--- Record excerpts ---
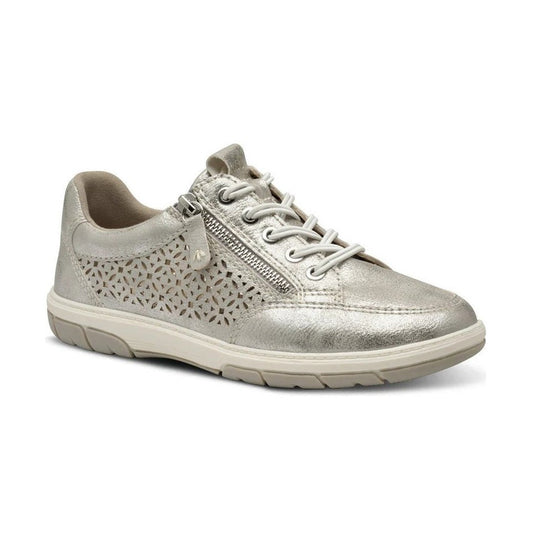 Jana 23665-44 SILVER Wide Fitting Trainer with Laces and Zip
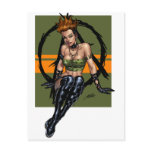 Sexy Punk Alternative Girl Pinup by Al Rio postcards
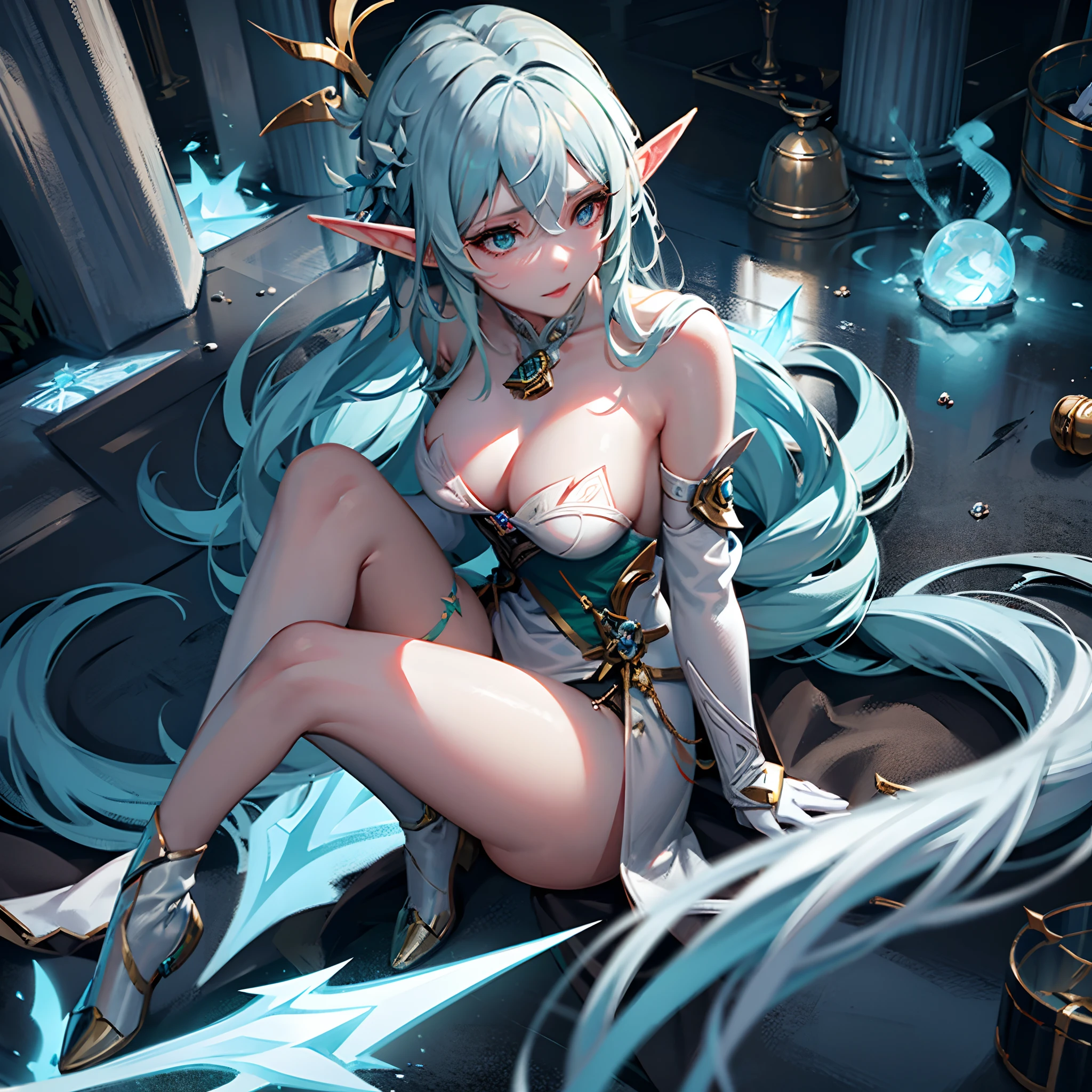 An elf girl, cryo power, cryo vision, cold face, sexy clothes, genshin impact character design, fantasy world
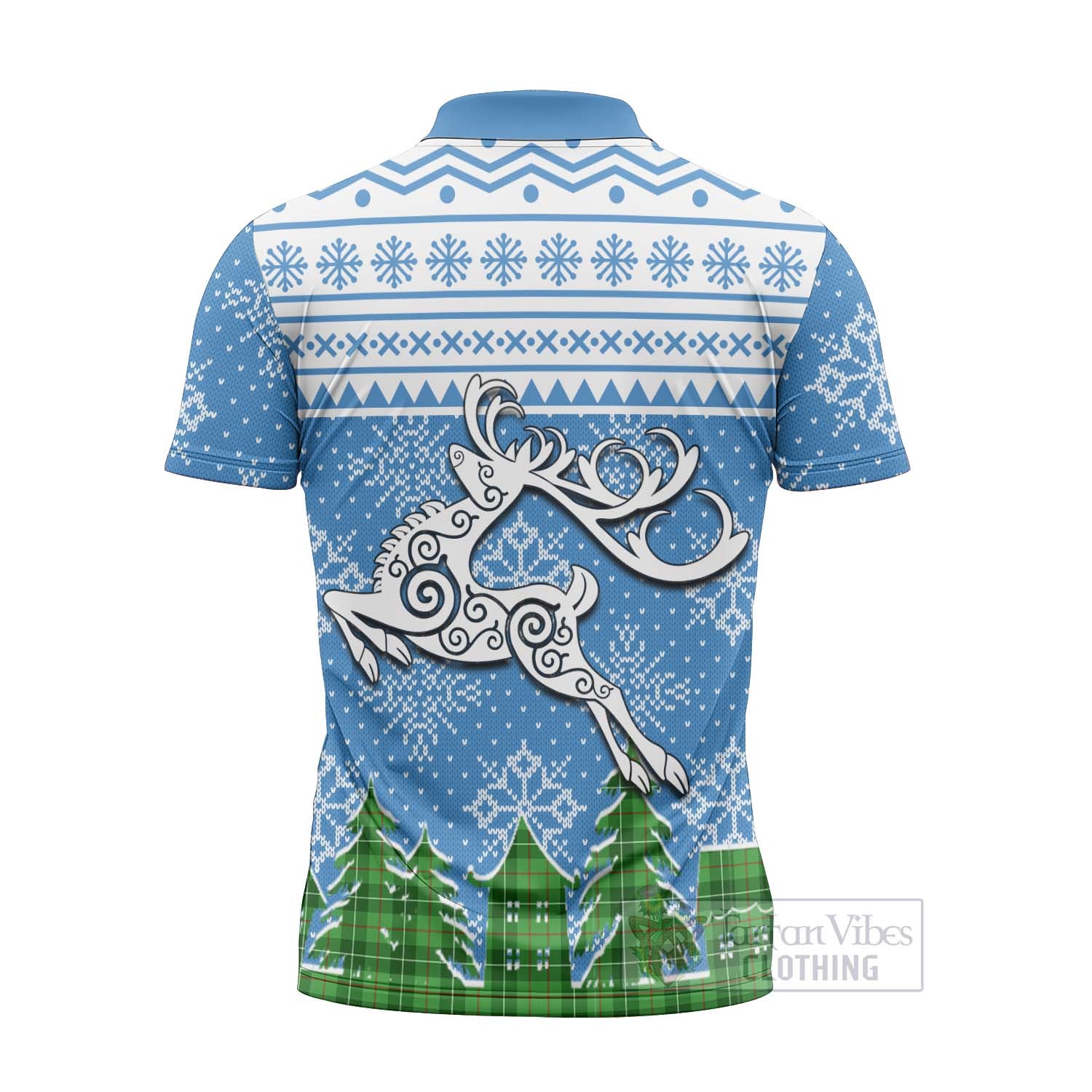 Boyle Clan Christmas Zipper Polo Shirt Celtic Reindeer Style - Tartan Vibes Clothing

---

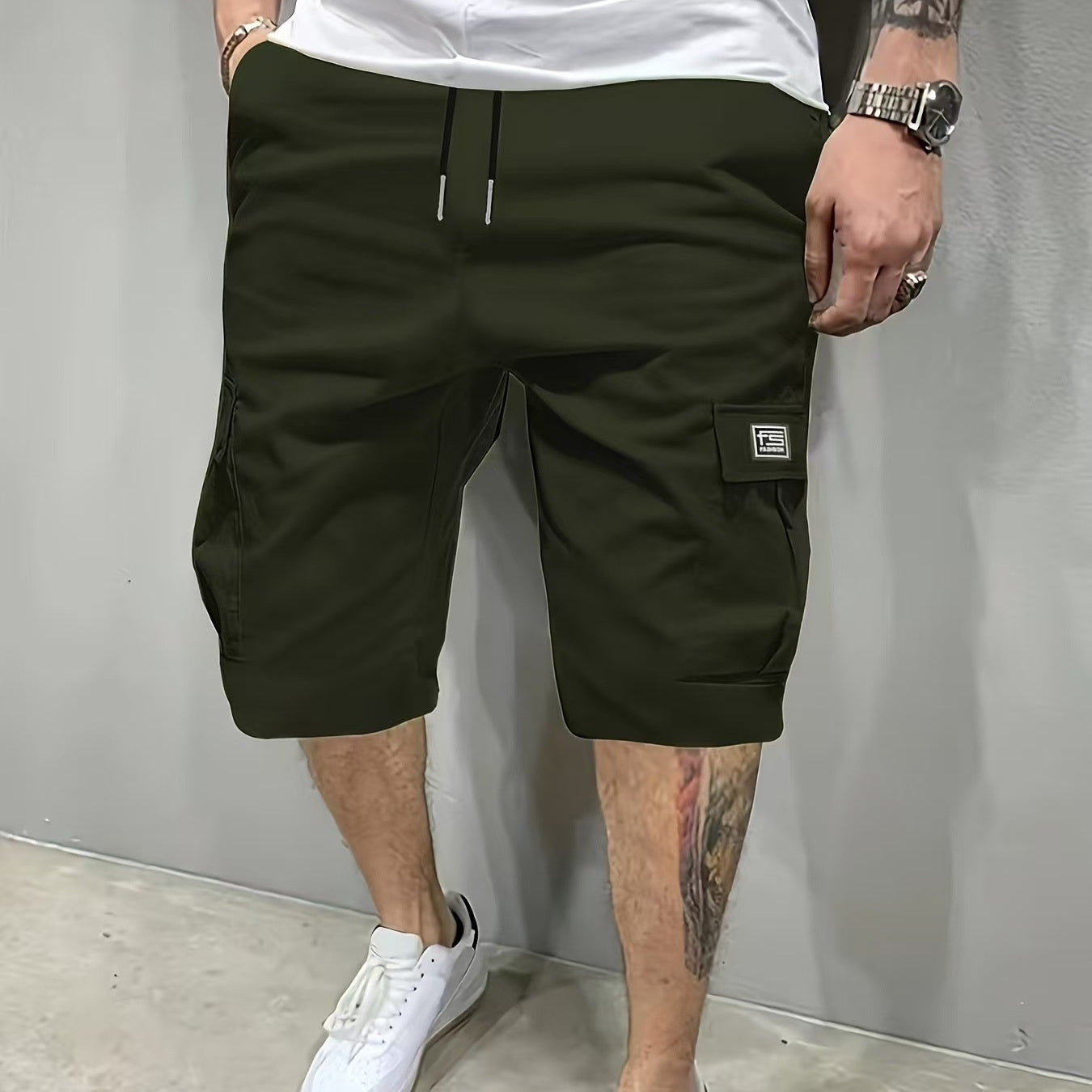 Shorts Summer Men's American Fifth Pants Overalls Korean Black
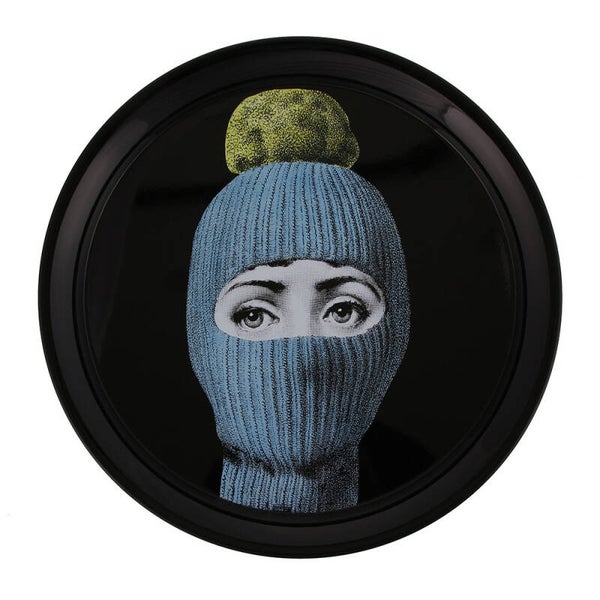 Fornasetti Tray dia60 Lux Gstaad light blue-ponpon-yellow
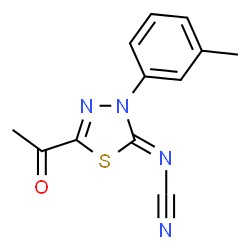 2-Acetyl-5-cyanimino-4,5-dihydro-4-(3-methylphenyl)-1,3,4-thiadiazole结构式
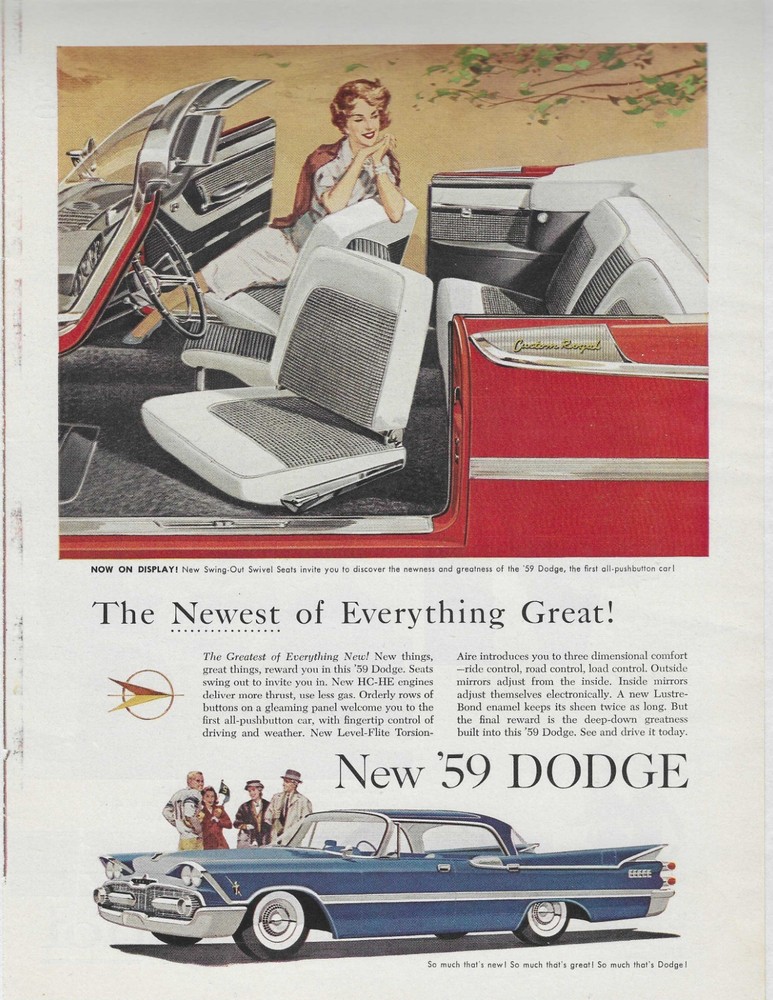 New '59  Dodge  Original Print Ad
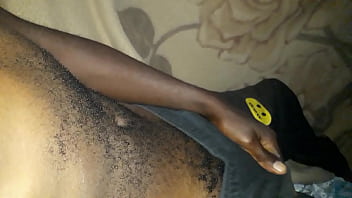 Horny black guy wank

--- Task goal ---
Repeat, without pictures, exactly the lines of the data above from the one containing "Jana 23665-44 SILVER" through the one containing "Boyle Clan Christmas", including both and adding nothing.

--- Answer space ---
 Jana 23665-44 SILVER Wide Fitting Trainer with Laces and Zip
 Sexy Punk Alternative Girl Pinup by Al Rio postcards
 An elf girl, cryo power, cryo vision, cold face, sexy clothes, genshin impact character design, fantasy world
 Boyle Clan Christmas Zipper Polo Shirt Celtic Reindeer Style - Tartan Vibes Clothing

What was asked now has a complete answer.